# Differentiability of electric field due to bounded volume charge distribution

In books on electromagnetism, one often sees expressions of Maxwell's equations like $$\nabla \cdot \mathbf{E}$$ and $$\nabla \times \mathbf{E}$$. These expressions make sense if $$\mathbf{E}$$ (which is due to bounded volume charge distribution) is differentiable. I ask this question because in all the textbooks on electromagnetism which I have seen, expressions like $$\nabla \cdot \mathbf{E}$$ and $$\nabla \times \mathbf{E}$$ are used and nowhere do they prove the differentiability of $$\mathbf{E}$$. How can it be justified?

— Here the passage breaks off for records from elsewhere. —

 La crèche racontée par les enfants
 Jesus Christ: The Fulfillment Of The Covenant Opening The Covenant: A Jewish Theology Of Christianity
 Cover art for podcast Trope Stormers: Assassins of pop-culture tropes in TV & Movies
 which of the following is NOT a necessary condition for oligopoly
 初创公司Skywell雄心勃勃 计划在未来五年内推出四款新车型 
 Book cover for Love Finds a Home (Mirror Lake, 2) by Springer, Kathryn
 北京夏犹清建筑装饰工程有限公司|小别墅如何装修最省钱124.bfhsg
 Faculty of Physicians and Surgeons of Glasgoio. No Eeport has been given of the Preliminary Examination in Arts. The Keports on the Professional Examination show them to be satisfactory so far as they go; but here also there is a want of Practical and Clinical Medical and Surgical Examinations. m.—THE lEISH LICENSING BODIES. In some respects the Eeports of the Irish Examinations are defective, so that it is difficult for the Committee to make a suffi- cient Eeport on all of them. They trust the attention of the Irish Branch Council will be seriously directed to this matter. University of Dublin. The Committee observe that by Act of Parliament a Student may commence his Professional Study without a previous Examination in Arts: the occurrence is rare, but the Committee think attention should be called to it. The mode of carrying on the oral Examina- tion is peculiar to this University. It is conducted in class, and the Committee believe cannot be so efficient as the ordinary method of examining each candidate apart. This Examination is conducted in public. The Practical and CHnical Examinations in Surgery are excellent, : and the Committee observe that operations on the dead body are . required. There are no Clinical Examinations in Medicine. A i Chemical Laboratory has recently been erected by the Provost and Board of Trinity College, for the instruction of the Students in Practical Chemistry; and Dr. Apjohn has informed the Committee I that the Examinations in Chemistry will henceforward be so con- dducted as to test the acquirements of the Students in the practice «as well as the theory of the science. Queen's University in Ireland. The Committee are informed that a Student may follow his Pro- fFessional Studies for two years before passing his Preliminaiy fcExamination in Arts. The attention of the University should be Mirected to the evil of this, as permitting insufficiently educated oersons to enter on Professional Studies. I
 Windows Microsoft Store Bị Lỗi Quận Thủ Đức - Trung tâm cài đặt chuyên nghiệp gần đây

Is the differentiability of $$\mathbf{E}$$ such a trivial case? If yes, why is it so? If no, why do the books ignore discussing the differentiability of $$\mathbf{E}$$?

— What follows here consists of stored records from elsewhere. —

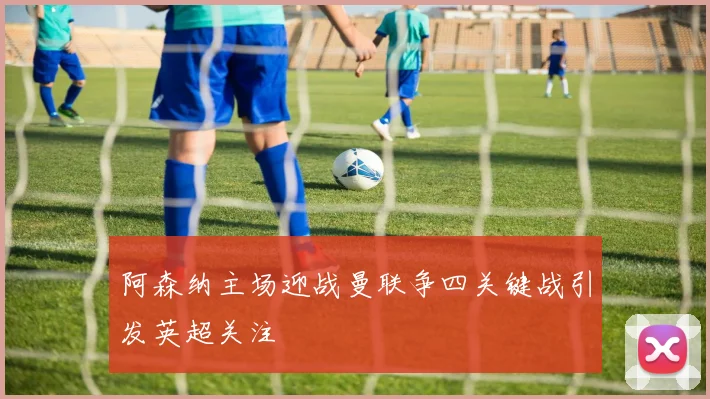 阿森纳主场迎战曼联争四关键战引发英超关注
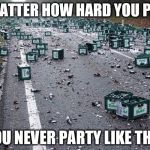 Party time | NO MATTER HOW HARD YOU PARTY; YOU NEVER PARTY LIKE THIS | image tagged in party time | made w/ Imgflip meme maker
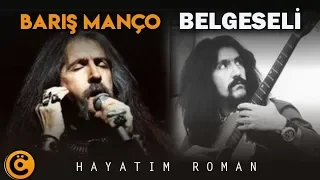 Barış Manço Belgeseli - Hayatım Roman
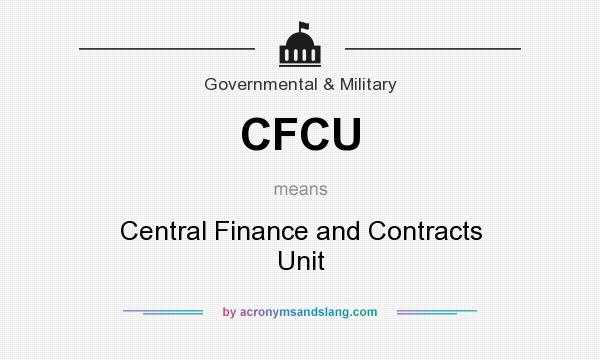 What does CFCU mean? It stands for Central Finance and Contracts Unit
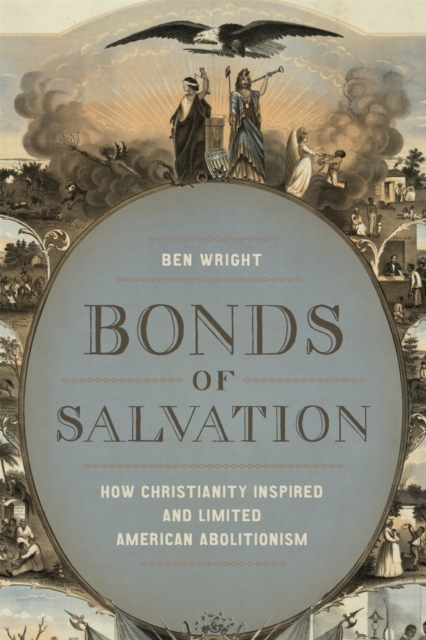 Bonds of Salvation : How Christianity Inspired and Limited American Abolitionism, Hardback Book
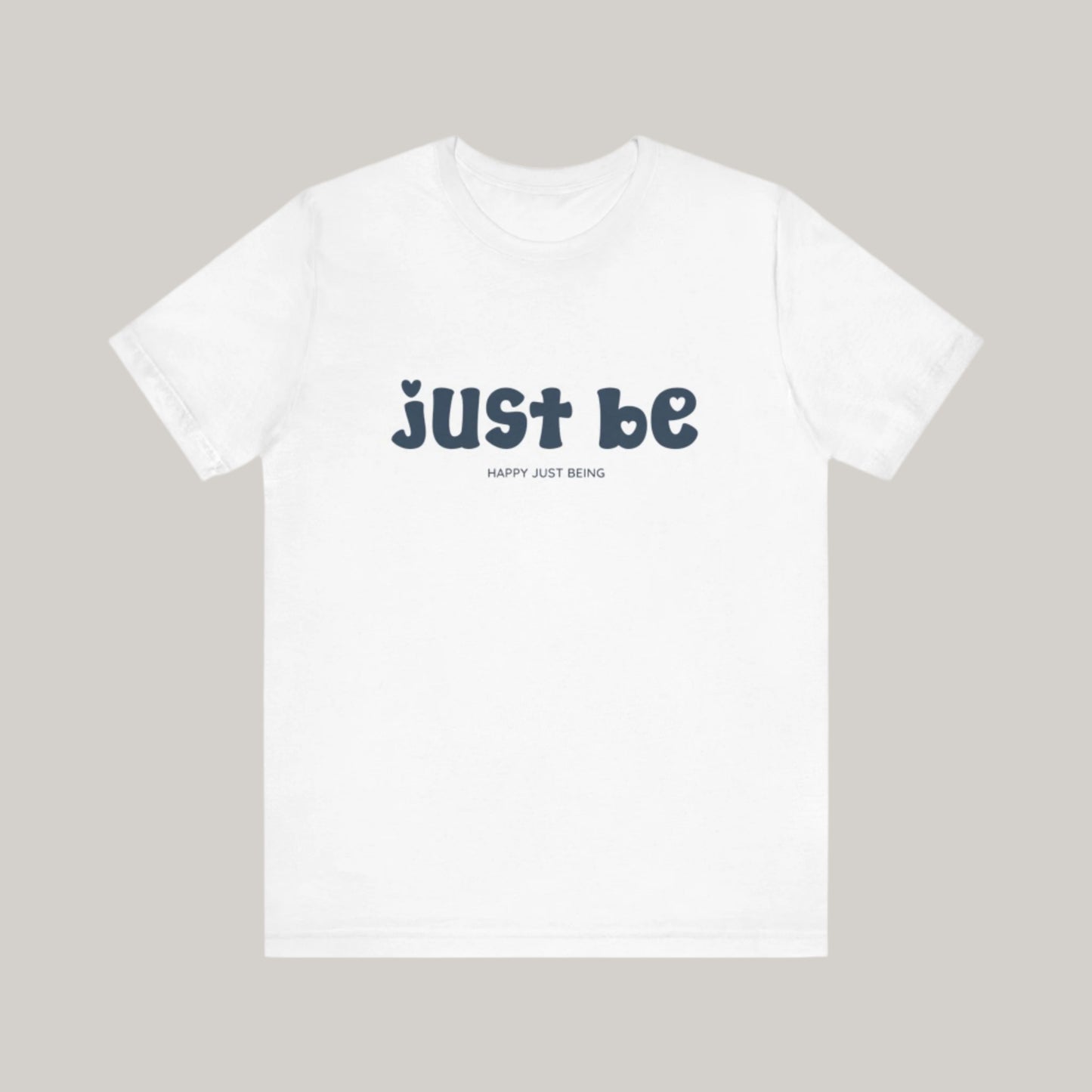 Just Be – Minimalist Comfort, Maximum Meaning - Unisex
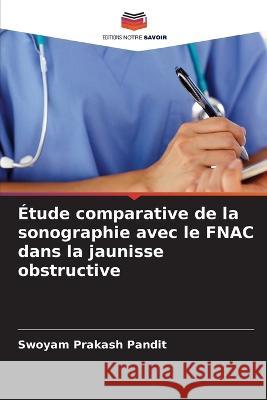 Étude comparative de la sonographie avec le FNAC dans la jaunisse obstructive Swoyam Prakash Pandit 9786205356807 Editions Notre Savoir - książka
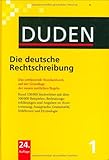 Die deutsche Rechtschreibung: Das umfassende Standardwerk auf der Grundlage der neuen amtlichen Regeln (Duden - Deutsche Sprache in 12 Bänden)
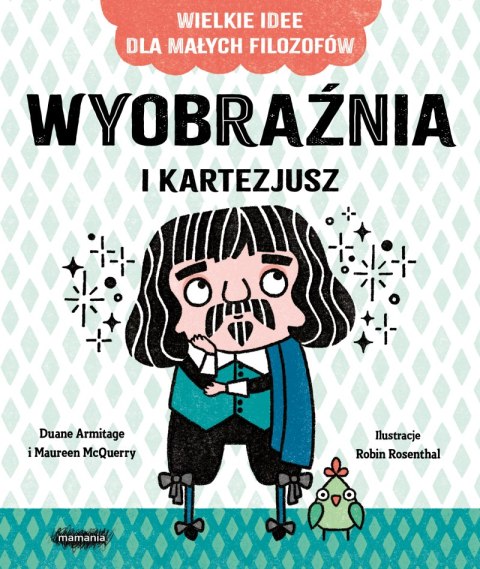 Wyobraźnia i Kartezjusz. Wielkie idee dla małych filozofów Wyobraźnia i Kartezjusz. Wielkie idee dla małych filozofów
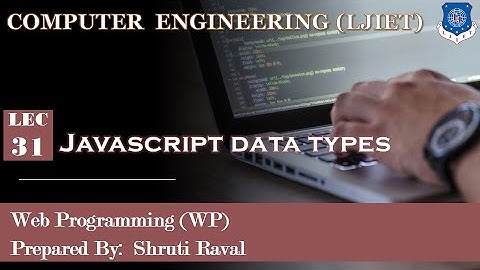 Lec-31_JavaScript DataTypes | Web Programming | Computer Engineering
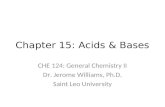 Chapter 15: Acids & Bases CHE 124: General Chemistry II Dr. Jerome Williams, Ph.D. Saint Leo University.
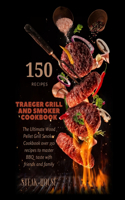 Traeger Grill and Smoker Cookbook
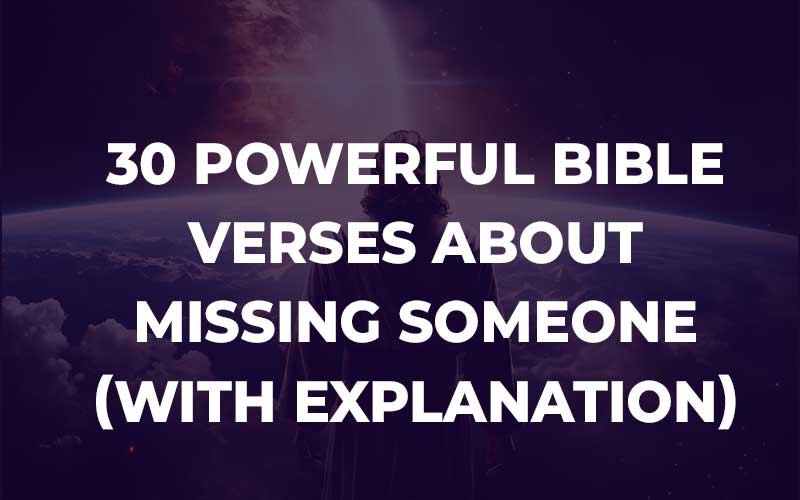 30 Powerful Bible Verses About Missing Someone (With Explanation ...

Maxwell's equations continue to hold even when the fields are not differentiable in the usual sense as they can be interpreted in terms of "weak" or distributional derivatives. For example, the electric field jumps discontinuously across a surface charge distribution, but $$\nabla \cdot {\bf D}= \rho$$ remains true with $$\rho(x,y,z)=\sigma(x,y) \delta(z)$$. This is the case in most of physics, which is why you seldom see differentiably conditions in discussions of vector calculus in physics texts. There are exceptions of course, so caution is always required.

• Discontinuities (where fields are not differentiable) can be figured out (eg using Gauss law) and the technique you mention can be used. But how can we ensure that in the rest of the points (where it is usually considered differentiable), the field is differentiable so that $\nabla \cdot \mathbf{E}$ and $\nabla \times \mathbf{E}$ are meaningful. – N.G.Tyson Apr 29 at 12:34
• Away from sources the fields are usually solutions of some kind of laplace equation (may be a vector Laplacian) or derivatives of such solutions. But solutions of laplace equation are always smooth ($C^\infty$) functions. This is just as in complex analysis where $u$ being a solution of Laplace means that it is the real part of an analytic function and for analytic functions once-differentiable $\Rightarrow$ infinitely differentiable. – mike stone Apr 29 at 12:41
• ok and what about within the source where $\vec{E}$ is considered differentiable – N.G.Tyson Apr 29 at 12:46
• Compute the electric field in a ball of uniform charge, for example. Inside the ball the potential is a nice smooth quadratic function of $r$. Its second derivative is discontinuous on the surface where $\rho$ is discontinuous, but otherwise the potential is smooth. The issue of differentiability is really rather uninteresting which is why is not discussed in physics books. If you are a mathematician, though, you need the full machinary of Sobolev spaces to do a good job of seeing when the distributional solution of any PDE is bona-fide conventional non-distribitional function. – mike stone Apr 29 at 15:29

Differentiability of the EM fields, like for many other quantities introduced in Physics, is not a property of the world but it is part of the mathematical model we find useful to describe the world.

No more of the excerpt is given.